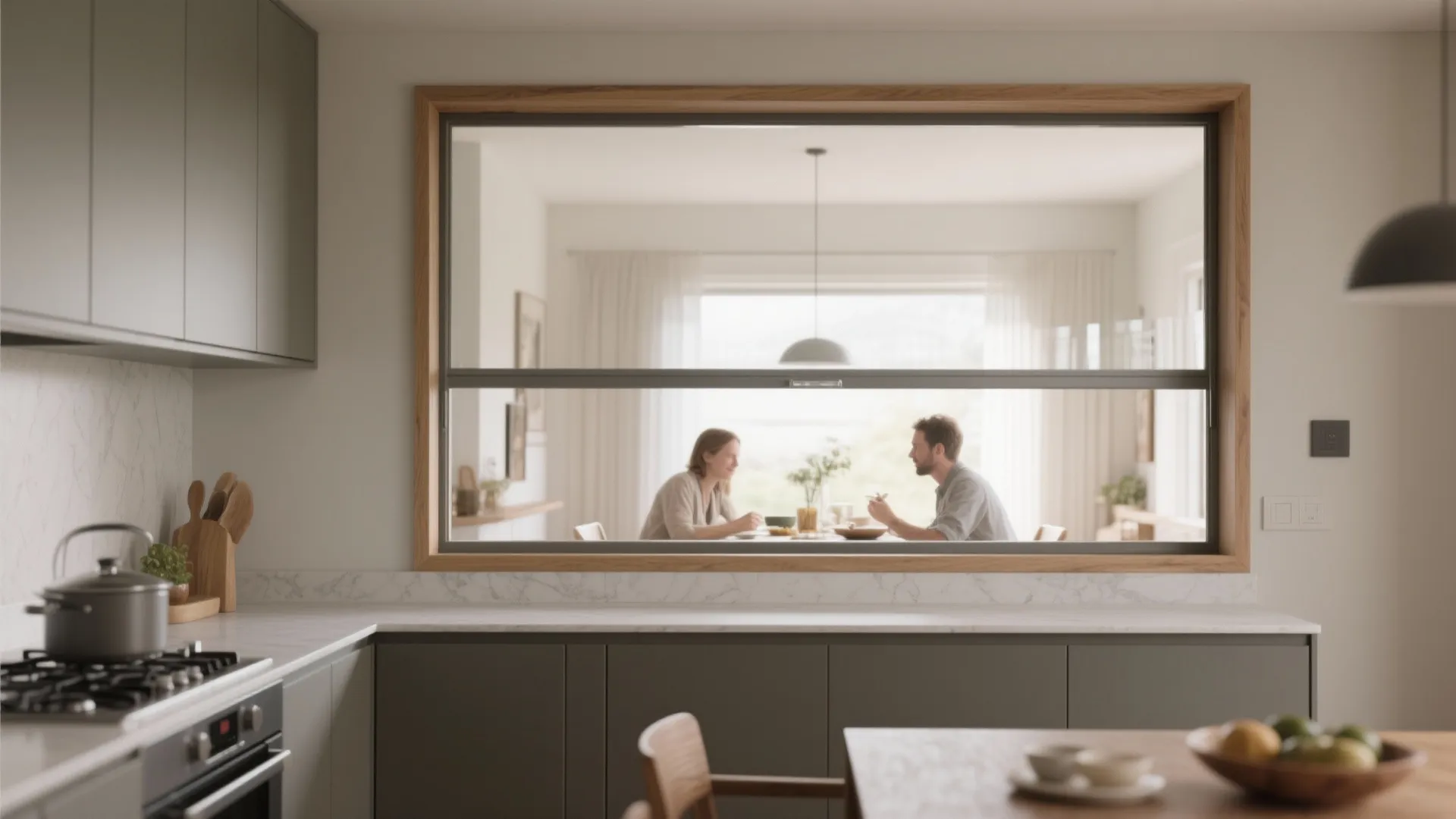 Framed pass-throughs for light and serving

* * *

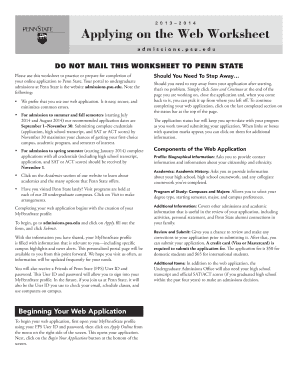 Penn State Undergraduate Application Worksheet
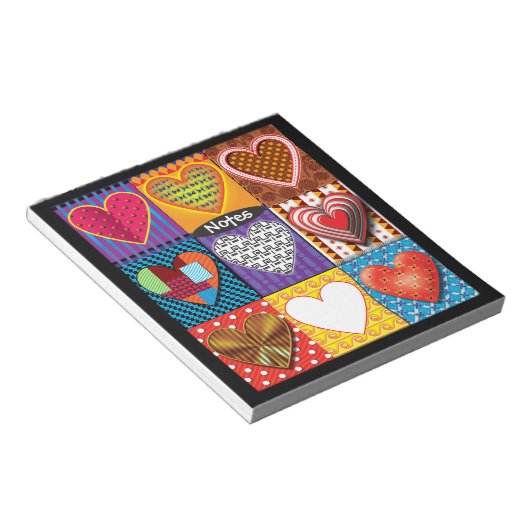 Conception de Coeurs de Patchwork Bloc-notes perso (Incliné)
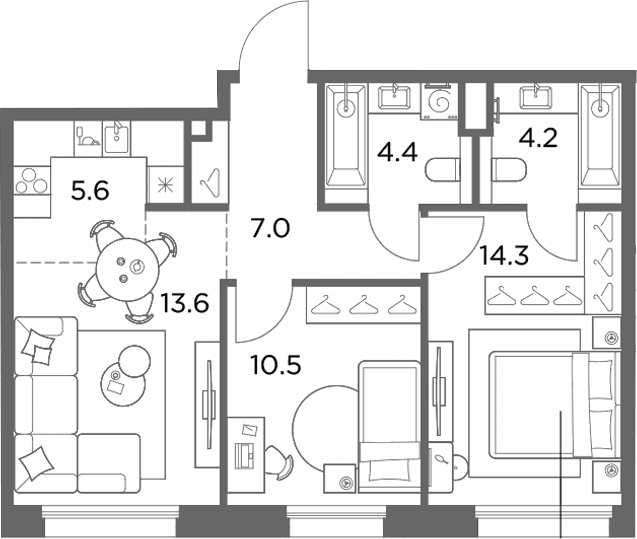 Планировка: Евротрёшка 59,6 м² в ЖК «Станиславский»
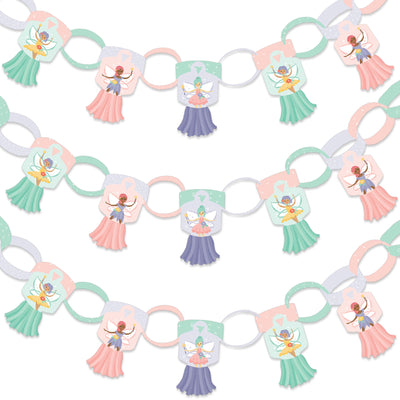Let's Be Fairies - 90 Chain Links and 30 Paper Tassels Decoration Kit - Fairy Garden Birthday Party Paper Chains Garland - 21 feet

* * *

## The problem
Return exactly the lines above, from the one with "Penn State Undergraduate" up to and including the one with "Let's Be Fairies", and include no pictures.

## Output below
 Penn State Undergraduate Application Worksheet
 Conception de Coeurs de Patchwork Bloc-notes perso (Incliné)
 Планировка: Евротрёшка 59,6 м² в ЖК «Станиславский»
Let's Be Fairies - 90 Chain Links and 30 Paper Tassels Decoration Kit - Fairy Garden Birthday Party Paper Chains Garland - 21 feet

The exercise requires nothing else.